What needs to be done: Line by line, repeat the material below exactly and skip the images.
[Information provided — start]
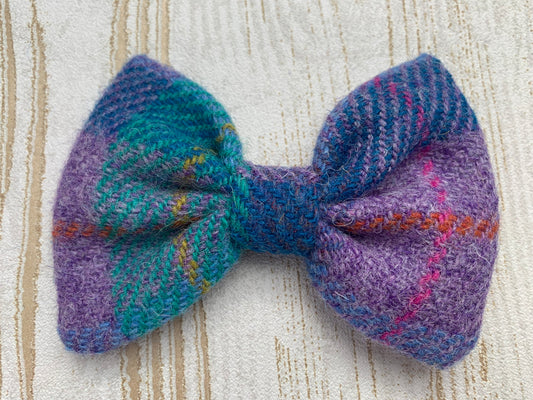 (Hebrides) Bowzos Bow - Purple/Jade Harris Tweed Check - BOWZOS
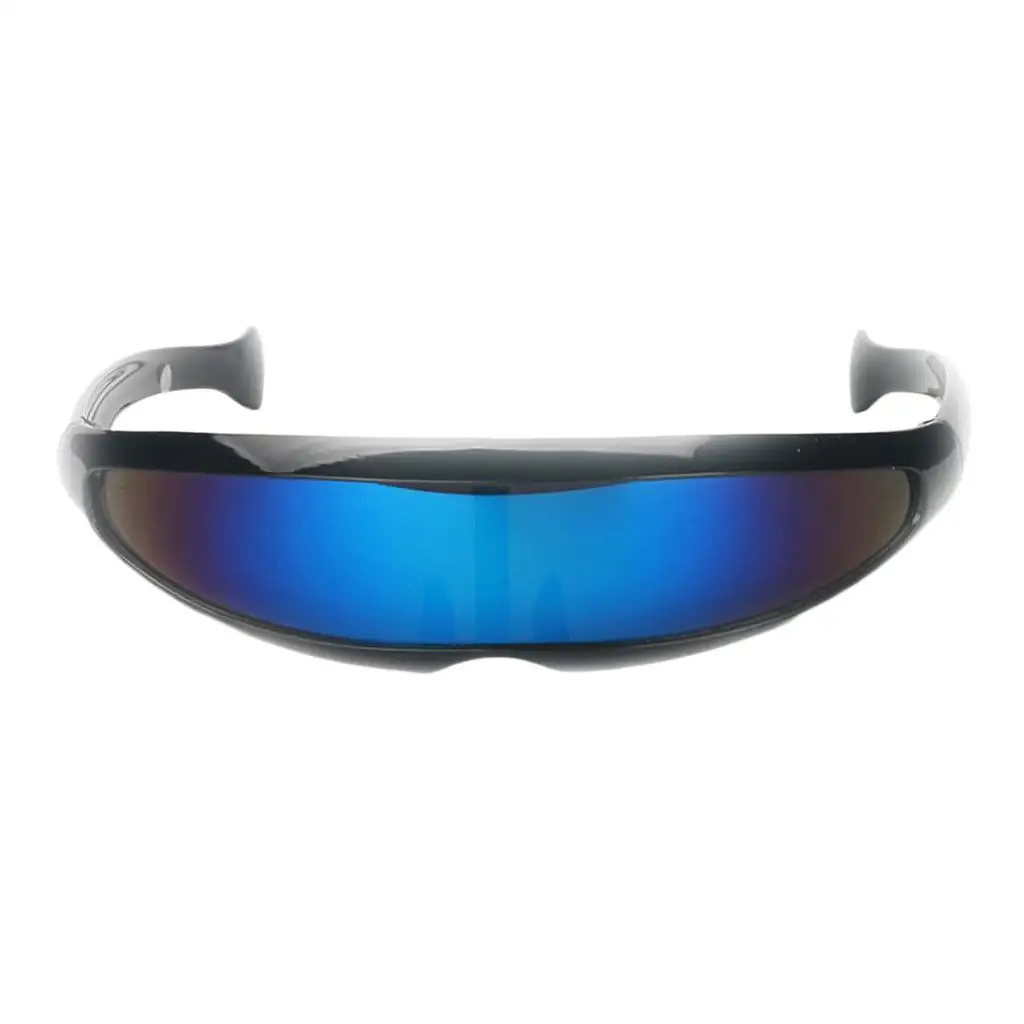 Rainbow Colored Holiday Sunglasses for Adults , Black Frame Blue Mirrored, as described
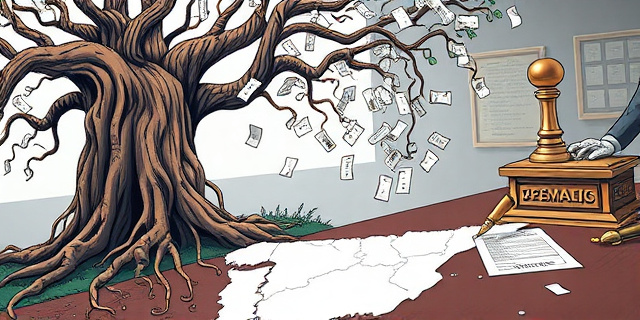 Una ilustración satírica y conceptual. Un árbol genealógico gigante donde las raíces son antiguas y las ramas se extienden infinitamente hacia arriba, transformándose en papeletas de votación que caen sobre un mapa de España. Al fondo, un sello oficial gigante y una pluma estilográfica dorada que firma documentos sobre una mesa de oficina burocrática, estilo caricatura editorial de prensa, colores contrastados y atmósfera irónica.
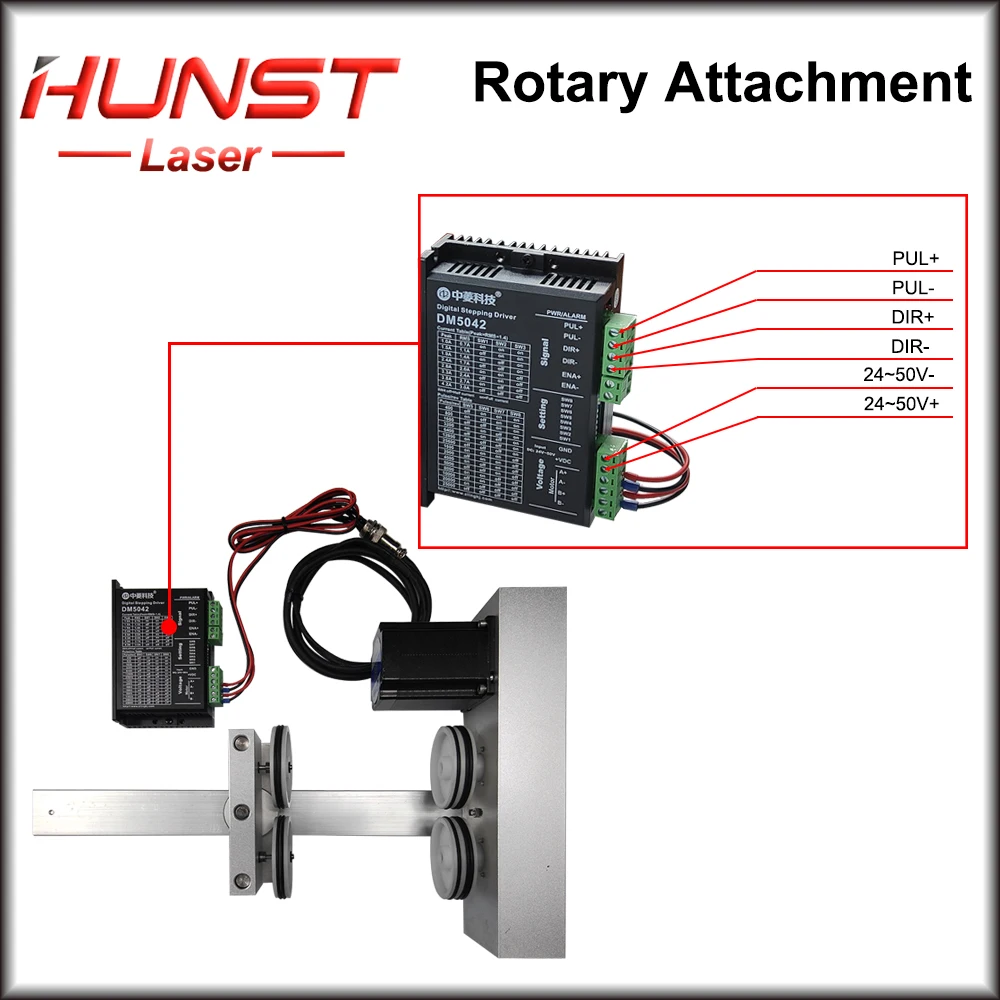 Hunst Rotary Attachment with Rollers Stepper Motors Rotation Axis for Laser Engraving Cutting Machine  and Laser Marking Machine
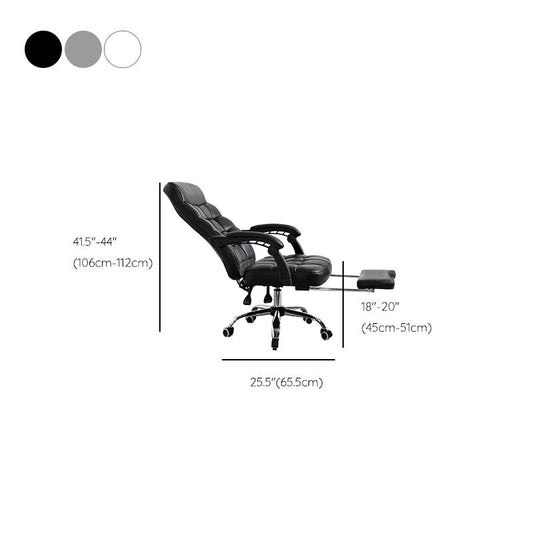 Padded Arms Office Chair Leather Tilt Mechanism No Distressing Ergonomic Desk Chair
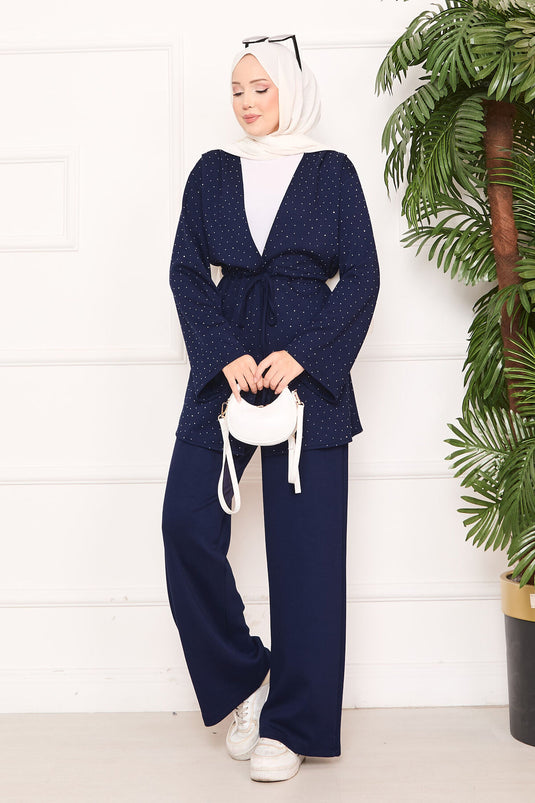 Sparkling Stone Detailed Pleated Oysho Hijab Suit Navy Blue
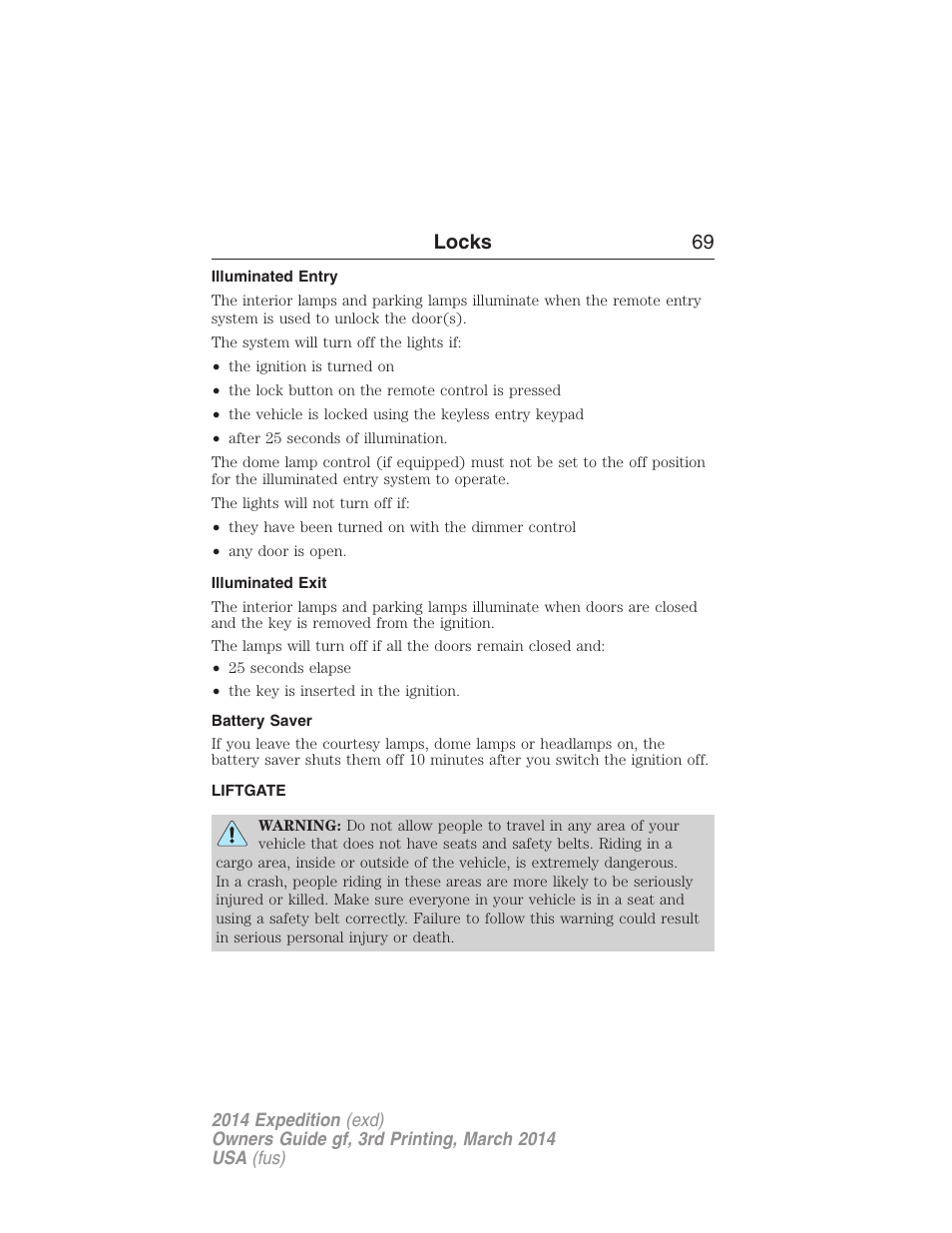 Illuminated entry, Illuminated exit, Battery saver | Liftgate, Locks 69 | FORD 2014 Expedition v.3 User Manual | Page 70 / 520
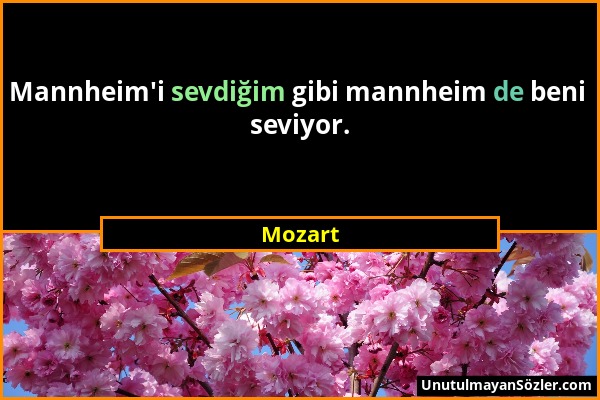 Mozart - Mannheim'i sevdiğim gibi mannheim de beni seviyor....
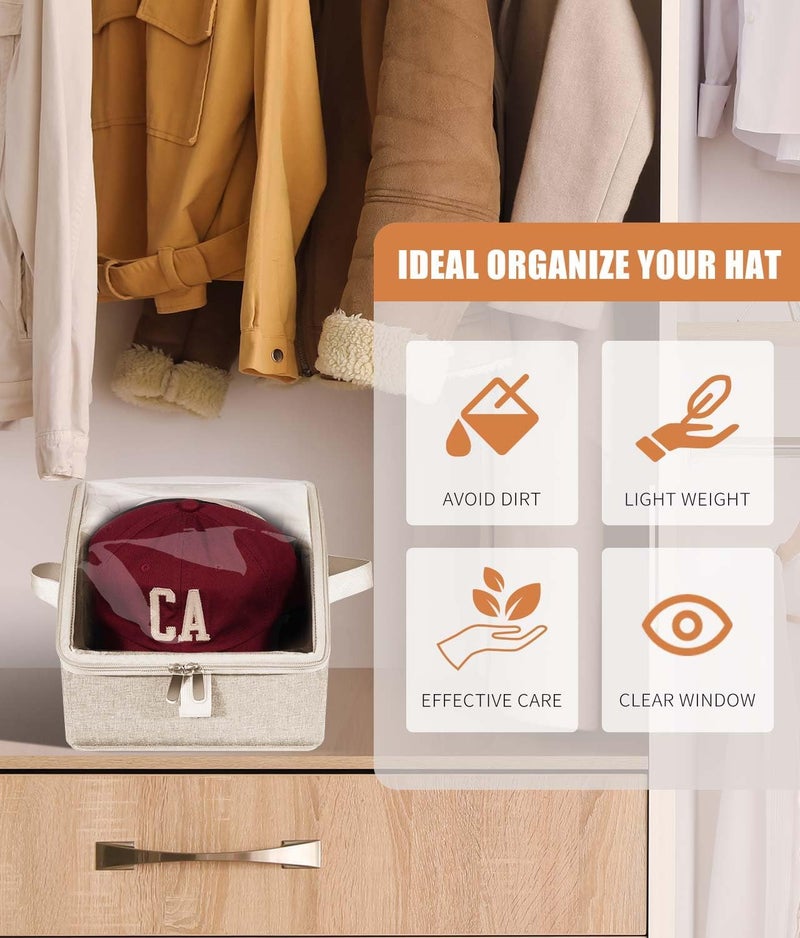 Livelab Hat Organizer for Baseball Caps, Hat Storage Holder Container for Closet Hold Up to 12 Caps with Clear Window, Hat Boxes for Home Storage | 1Pcs Grey - Image 5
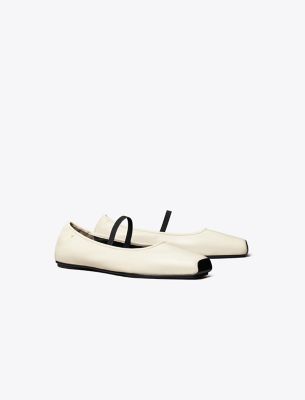 Tory Burch Flat Ballet Shoes In New Ivory/perfect Black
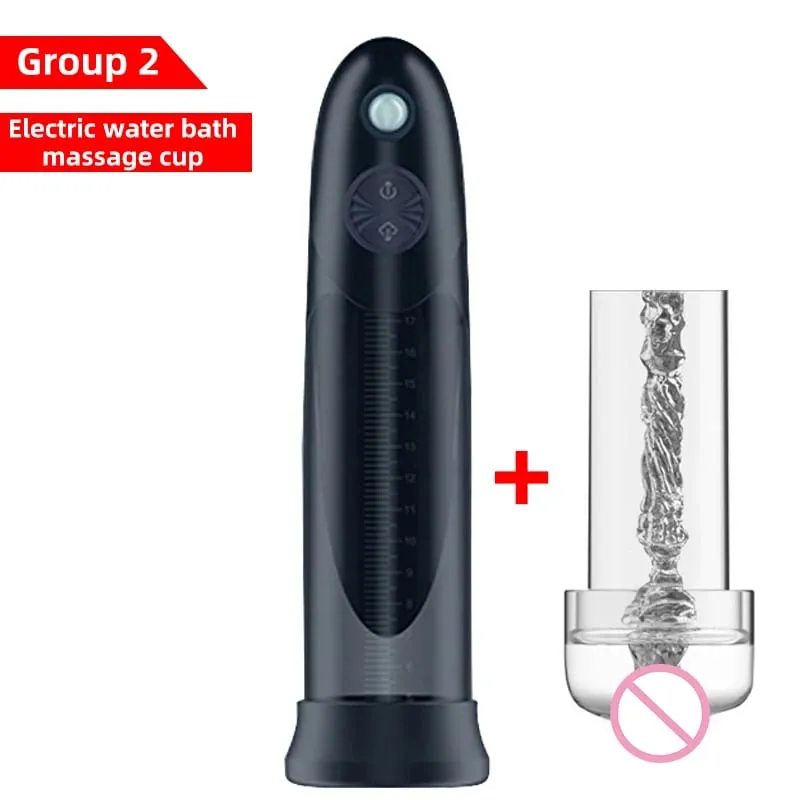 Electric Penis Pump Water Bath Penis Massage Enlarger Enlargement Vacuum Pump Penile Bigger Thicken Trainer Sex Toys for Men — image 8
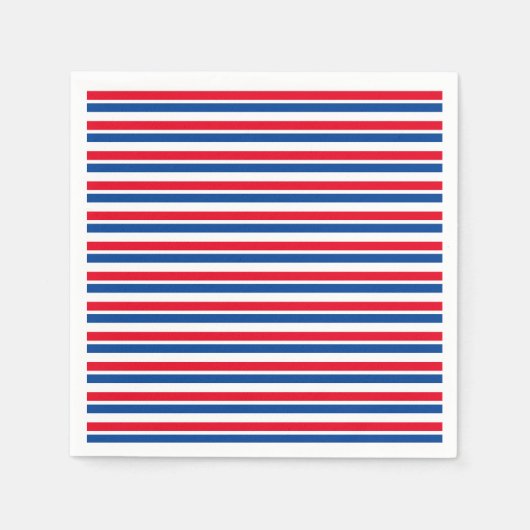 Serviette En Papier Plaque en papier rayé rouge, blanc et bleu (Devant)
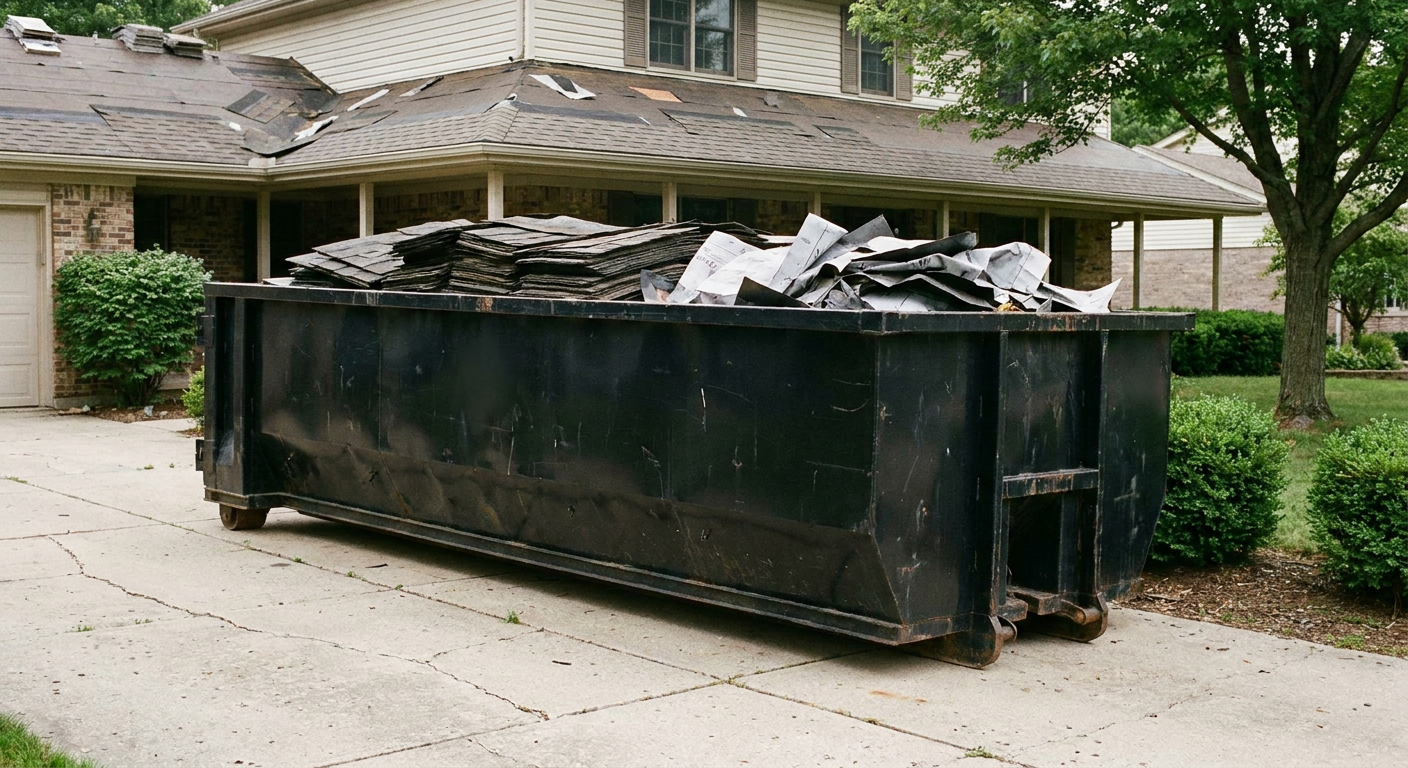 Matte-black 30-yard roofing roll-off dumpster sitting directly on a Santa Clarita concrete driveway, taller ribbed steel side panels, mixed tear-off debris of asphalt shingles and underlayment inside, professional documentary daylight.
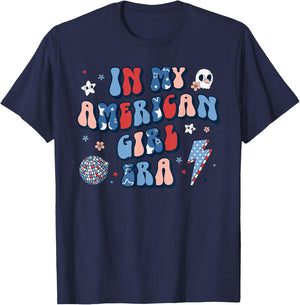 In My American Girl Era Retro 4th of July Fourth Groovy T-Shirt - T-Shirt | Navy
[Information provided — finish]
Solution to this problem:
 (Hebrides) Bowzos Bow - Purple/Jade Harris Tweed Check - BOWZOS
 Rainbow Colored Holiday Sunglasses for Adults , Black Frame Blue Mirrored, as described
 Una ilustración satírica y conceptual. Un árbol genealógico gigante donde las raíces son antiguas y las ramas se extienden infinitamente hacia arriba, transformándose en papeletas de votación que caen sobre un mapa de España. Al fondo, un sello oficial gigante y una pluma estilográfica dorada que firma documentos sobre una mesa de oficina burocrática, estilo caricatura editorial de prensa, colores contrastados y atmósfera irónica.
 Hunst Rotary Attachment with Rollers Stepper Motors Rotation Axis for Laser Engraving Cutting Machine  and Laser Marking Machine
 Padded Arms Office Chair Leather Tilt Mechanism No Distressing Ergonomic Desk Chair
 Sparkling Stone Detailed Pleated Oysho Hijab Suit Navy Blue
 Illuminated entry, Illuminated exit, Battery saver | Liftgate, Locks 69 | FORD 2014 Expedition v.3 User Manual | Page 70 / 520
 Mozart - Mannheim'i sevdiğim gibi mannheim de beni seviyor....
 Livelab Hat Organizer for Baseball Caps, Hat Storage Holder Container for Closet Hold Up to 12 Caps with Clear Window, Hat Boxes for Home Storage | 1Pcs Grey - Image 5
 Tory Burch Flat Ballet Shoes In New Ivory/perfect Black
 Electric Penis Pump Water Bath Penis Massage Enlarger Enlargement Vacuum Pump Penile Bigger Thicken Trainer Sex Toys for Men — image 8
 Serviette En Papier Plaque en papier rayé rouge, blanc et bleu (Devant)
 Matte-black 30-yard roofing roll-off dumpster sitting directly on a Santa Clarita concrete driveway, taller ribbed steel side panels, mixed tear-off debris of asphalt shingles and underlayment inside, professional documentary daylight.
 In My American Girl Era Retro 4th of July Fourth Groovy T-Shirt - T-Shirt | Navy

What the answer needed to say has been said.